Christ Community Health Services, various locations. Seven federally qualified health centers in underserved Memphis neighborhoods, as well as two in area high schools, a women’s health center and a van serving the homeless. Services include primary care, behavioral health, dentistry, HIV care, pediatrics, refugee services and social work; works with the uninsured.

Church Health, Crosstown Concourse, Suite 142. Payment on a sliding scale; employment information must be provided; works with the uninsured. Offers a variety of health and health-related services, including primary care, pediatrics, eye care, dental care, physical rehabilitation, a pharmacy, cooking and other classes.

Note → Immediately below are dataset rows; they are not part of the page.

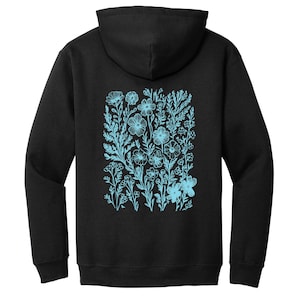 May include: Black hooded sweatshirt with a light blue floral design on the back.
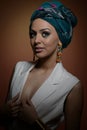 Beautiful woman with turban. Young attractive female with turban and golden accessories. Beauty fashionable woman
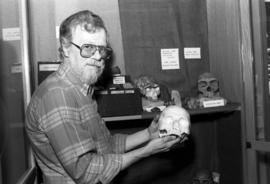 Richard Lane holds a human skull model at the Museum of Man, St. Cloud State University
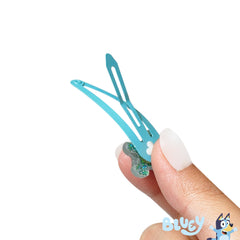 LUV HER clips in hand to show size and child-friendly scale benefit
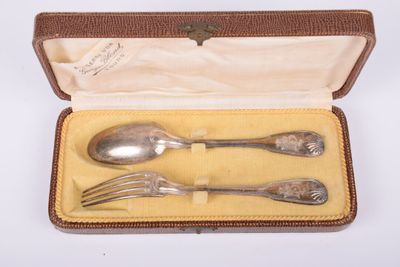 a silverware set in a case with a spoon and fork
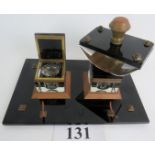 An Art Deco desk stand and blotter, made of black and clear glass with brass mounts,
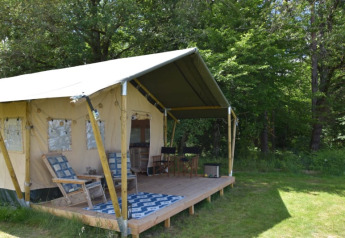 Tenda safari al Camping Domaine Bleu Celeste in Francia con veranda coperta e sedie immersa nel verde.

Wellness and Stress Clinic of Memphis, 3885 Tchulahoma Road. Completely free for all services, including primary care, social work, emotional fitness, some medications and some laboratory testing; works with the uninsured and undocumented persons. The clinic is open Monday evenings from 5 p.m. to 8 p.m.

Free, bilingual service to help apply for TennCare and Affordable Care Act plans

GetCoveredTenn, 866-475-7879 (toll free). With services across the state, you can schedule an in-person or telephone appointment to help enroll in TennCare, the ACA Marketplace or to find other low-cost health options.

Free blood pressure screening

Calvary Episcopal Church, 102 N. 2nd St. The first Sunday of every month, the Cardiology Interest Group, a student organization at the University of Tennessee Health Science Center College of Medicine, conducts free blood pressure screenings from 6 a.m. to 8 a.m.